● **Brief**
What is needed is an exact repeat of the lines from the one holding "main property photo 72" through the final line of the data, with no pictures.

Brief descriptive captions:
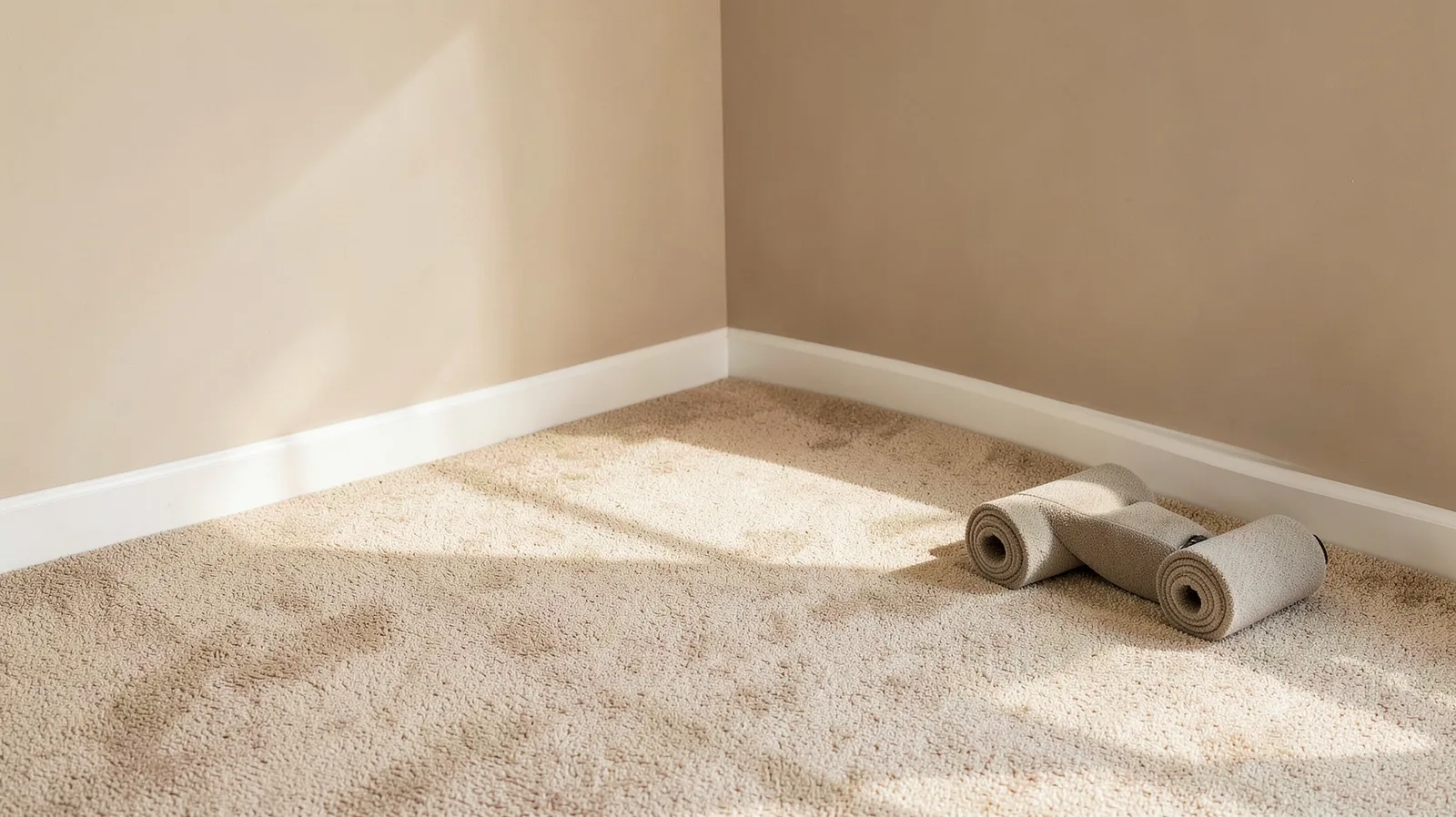 Carpet Installation in Durham, NH near me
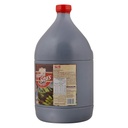 Mama Sita's Oyster Sauce, Philippines - 1GAL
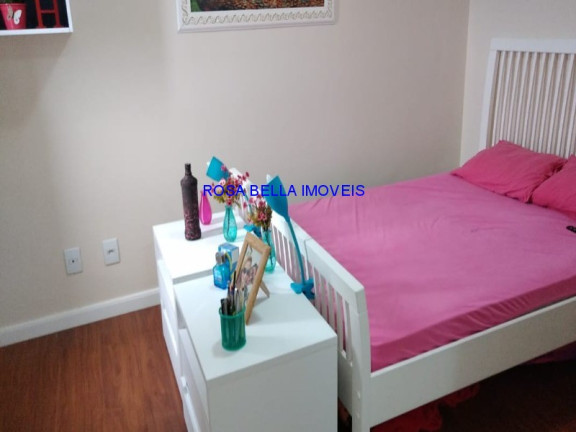 Imagem Apartamento com 2 Quartos à Venda, 48 m² em Jardim Shangai - Jundiaí Imagem Apartamento com 2 Quartos à Venda, 48 m² em Jardim Shangai - Jundiaí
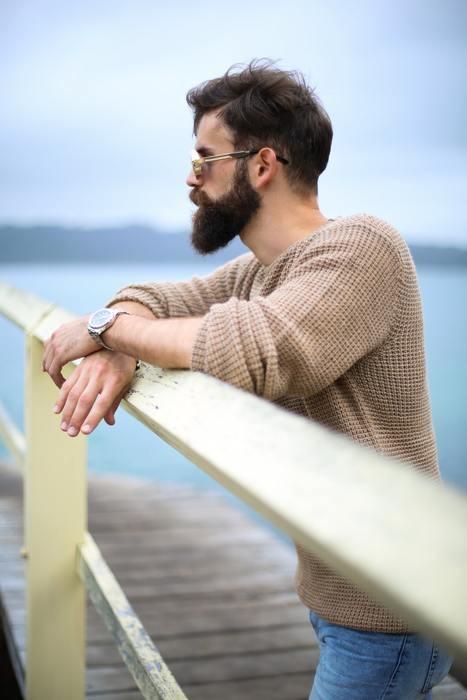 会えない時間に彼は何を考えている？会えない時間が男性心理に及ぼす影響は？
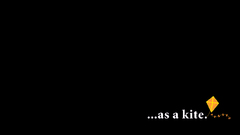 Kite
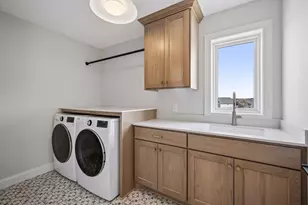 10226 Peony N, Maple Grove, MN 55311 - Photo 38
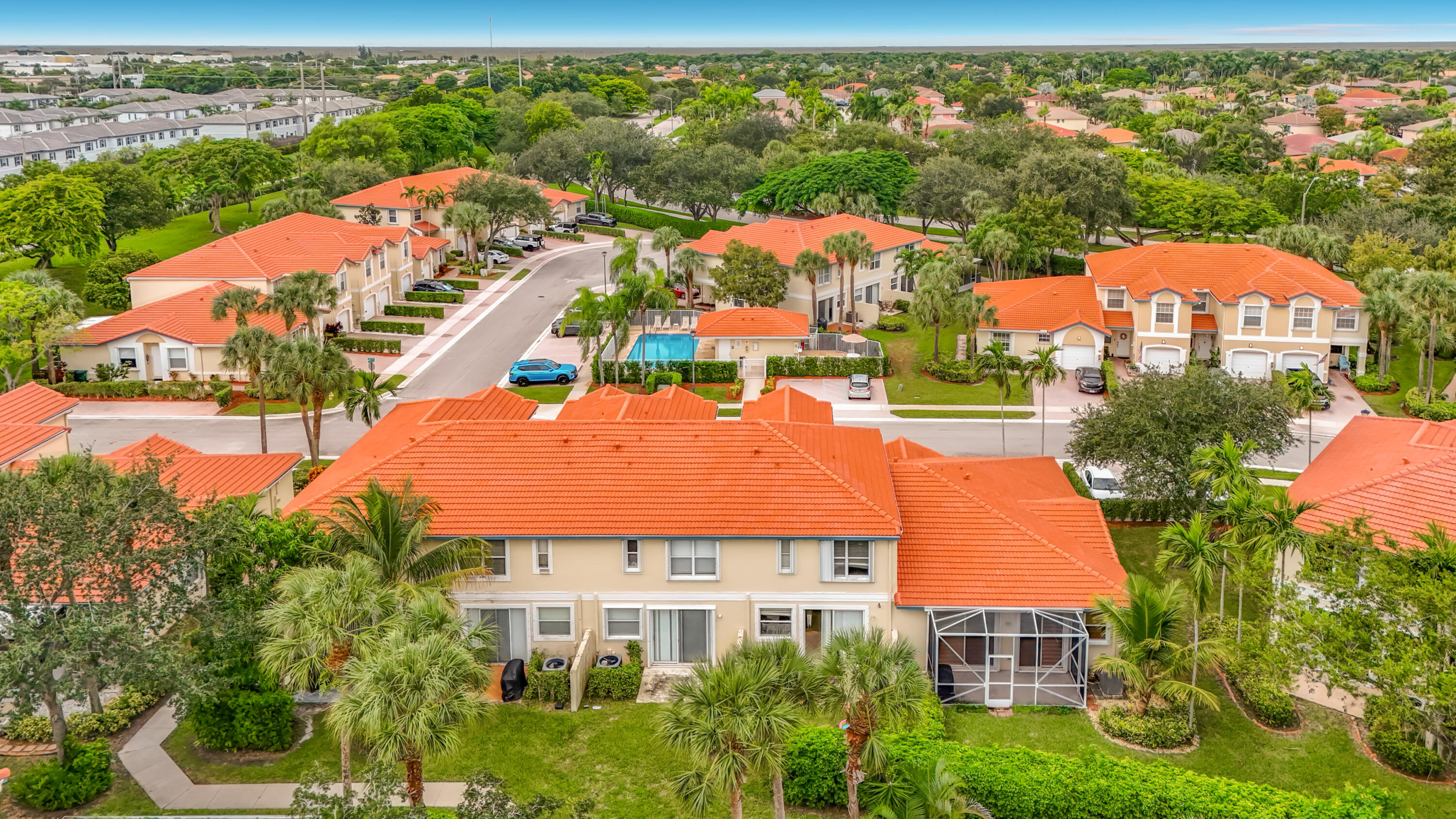 main property photo 72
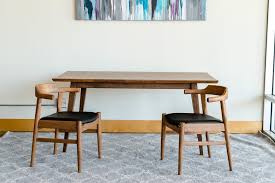 Zola Dining Chair Mid Century Modern Furniture Furniture Houston Ashcroftimports Com
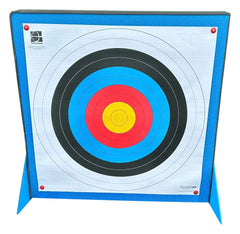 36 INCH FOAM TARGET MAT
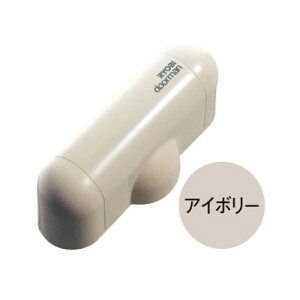 S-101PV [r hA} hAN[U p J͒@\t AC{[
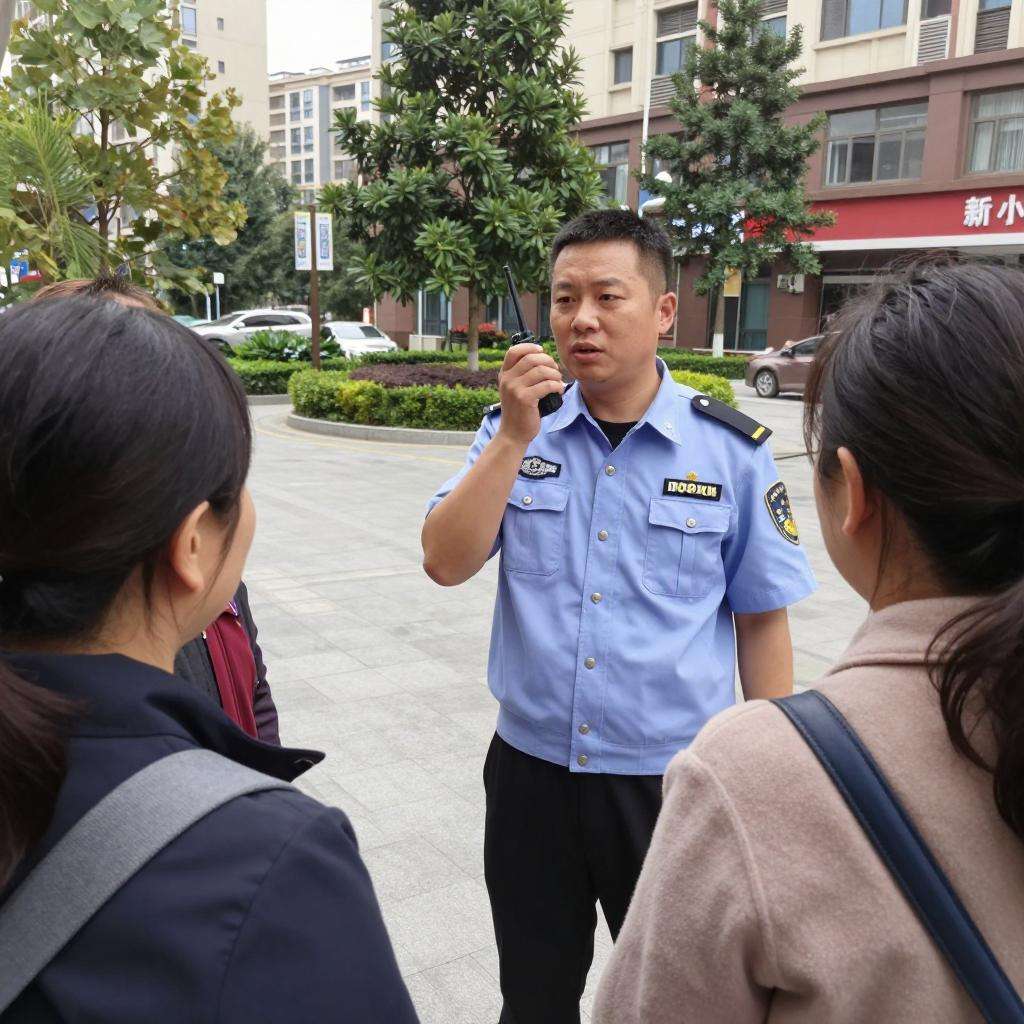 Voice of Customer SEO：用客户反馈激发内容创意的终极秘籍第二张图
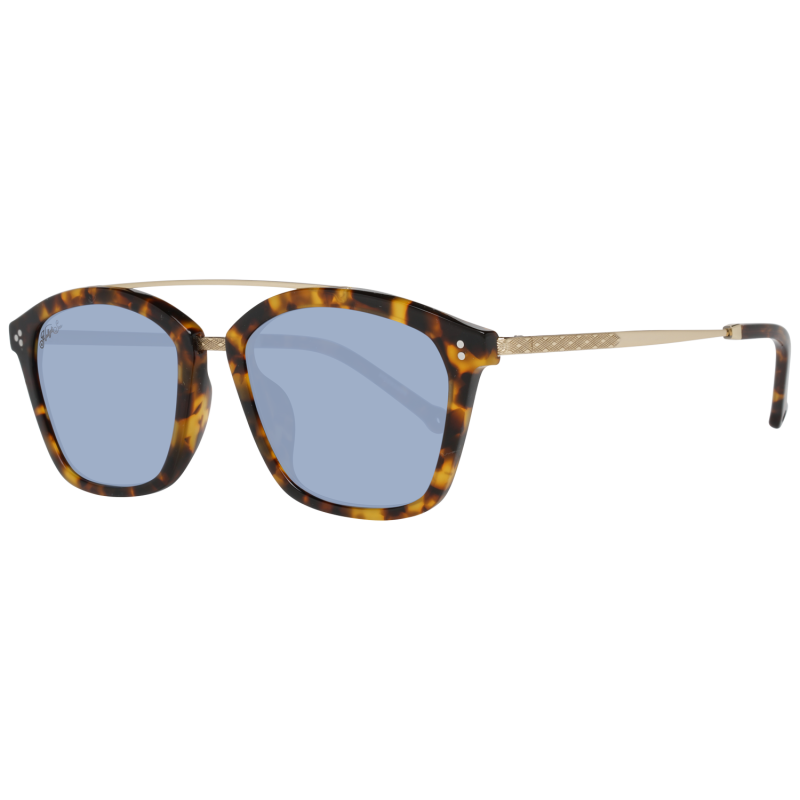 Оригинални Unisex слънчеви очила Hally & Son Sunglasses HS693S 04 53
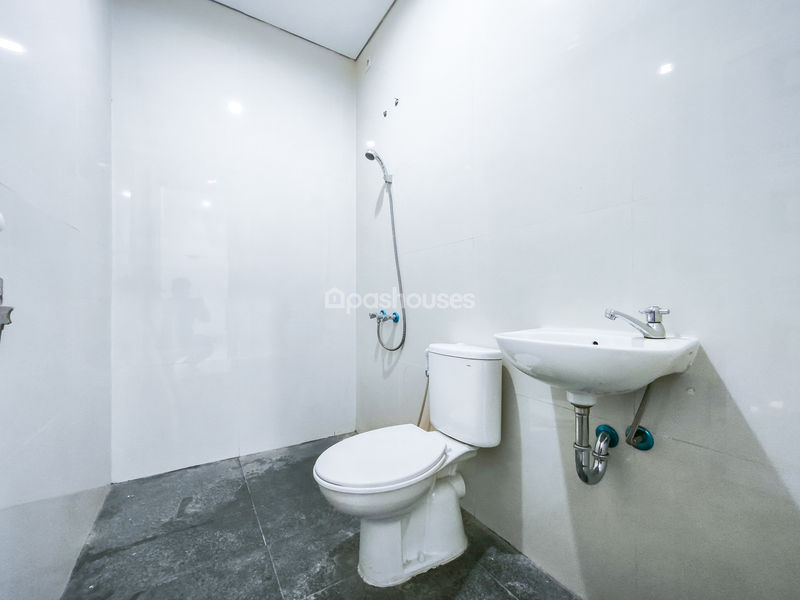 Perumahan Terra Maharani Blok D No.5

● **Exercise solution**
 main property photo 72
 Zola Dining Chair Mid Century Modern Furniture Furniture Houston Ashcroftimports Com
 36 INCH FOAM TARGET MAT
 S-101PV [r hA} hAN[U p J͒@\t AC{[
 Voice of Customer SEO：用客户反馈激发内容创意的终极秘籍第二张图
 Оригинални Unisex слънчеви очила Hally & Son Sunglasses HS693S 04 53
 Perumahan Terra Maharani Blok D No.5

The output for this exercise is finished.